Sperm are quite sensitive little souls and can be affected by so many different factors and the decline of sperm production, and quality, has become a central concern over the last few years.
When wanting to start a family both partners are preferably in optimum health but there has been much discussion on why this recognised decline in the quality and concentration of sperm has been taking place. Now there may be another factor to add in to the mix as, in one of the first human studies of its kind, researchers have found that urinary concentrations of the controversial chemical Bisphenol A, or BPA, may be related to this problem.
The study recruited 190 men through a fertility clinic and all gave spot urine samples and sperm samples the same day. Subsequently, 78 of the men gave one or two additional urine samples a month apart. Researchers detected BPA in 89 percent of the urine samples, which is a tremendously high figure. Researchers measured sperm concentration, sperm motility, sperm shape and DNA damage in the sperm cell and found that if they compared somebody in the top quartile of exposure with the lowest quartile of exposure, sperm concentration was on average about 23 percent lower in men with the highest BPA.
Their results also suggested a 10 percent increase in sperm DNA damage and are consistent with a previous study suggesting that certain hormones, specifically FSH (follicle-stimulating hormone) and Inhibin B, are elevated or decreased in relation to BPA, respectively, a pattern consistent with low sperm production and development.
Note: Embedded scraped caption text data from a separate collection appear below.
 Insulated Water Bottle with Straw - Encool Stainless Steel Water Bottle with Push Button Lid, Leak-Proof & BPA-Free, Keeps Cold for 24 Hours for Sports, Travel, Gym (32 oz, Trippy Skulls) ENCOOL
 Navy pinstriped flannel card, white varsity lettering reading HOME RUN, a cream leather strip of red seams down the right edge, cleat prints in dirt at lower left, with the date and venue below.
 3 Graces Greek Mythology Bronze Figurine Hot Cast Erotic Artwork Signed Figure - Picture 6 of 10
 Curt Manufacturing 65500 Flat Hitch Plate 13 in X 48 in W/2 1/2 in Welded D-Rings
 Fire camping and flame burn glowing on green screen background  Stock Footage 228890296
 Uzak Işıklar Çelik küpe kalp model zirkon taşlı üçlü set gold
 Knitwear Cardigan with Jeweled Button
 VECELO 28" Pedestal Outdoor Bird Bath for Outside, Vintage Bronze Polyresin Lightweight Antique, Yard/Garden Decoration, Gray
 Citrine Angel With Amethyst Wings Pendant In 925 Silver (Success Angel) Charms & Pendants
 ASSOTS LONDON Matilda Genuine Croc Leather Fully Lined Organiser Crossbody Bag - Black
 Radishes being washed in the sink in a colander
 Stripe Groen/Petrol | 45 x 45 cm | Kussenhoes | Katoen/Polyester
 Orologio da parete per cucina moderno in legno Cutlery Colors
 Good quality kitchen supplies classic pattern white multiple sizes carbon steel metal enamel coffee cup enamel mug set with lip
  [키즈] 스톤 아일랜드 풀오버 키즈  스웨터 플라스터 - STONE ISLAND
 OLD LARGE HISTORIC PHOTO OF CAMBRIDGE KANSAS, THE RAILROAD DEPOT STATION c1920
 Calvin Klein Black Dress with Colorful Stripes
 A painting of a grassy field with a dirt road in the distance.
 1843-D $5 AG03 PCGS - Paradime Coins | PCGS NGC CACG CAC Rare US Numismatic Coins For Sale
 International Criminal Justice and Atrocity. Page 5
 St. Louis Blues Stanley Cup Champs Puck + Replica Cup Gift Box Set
I have written before about other problems associated with BPA and this is certainly only a preliminary study, but it makes sense that it is having this adverse effect. BPA mimics the body’s own hormones and there has been much concern voiced that this may lead to negative health effects.
BPA is most commonly used to make plastics and epoxy resins used in food and beverage cans, and people are exposed primarily through diet. If you are trying to start a family then it certainly makes sense to avoid precooked and prepackaged meals, any tinned or canned food focus on a healthy, natural and preferably organic diet which limits sugar, alcohol, smoking, diet drinks and anything which has additional chemical flavouring and colouring.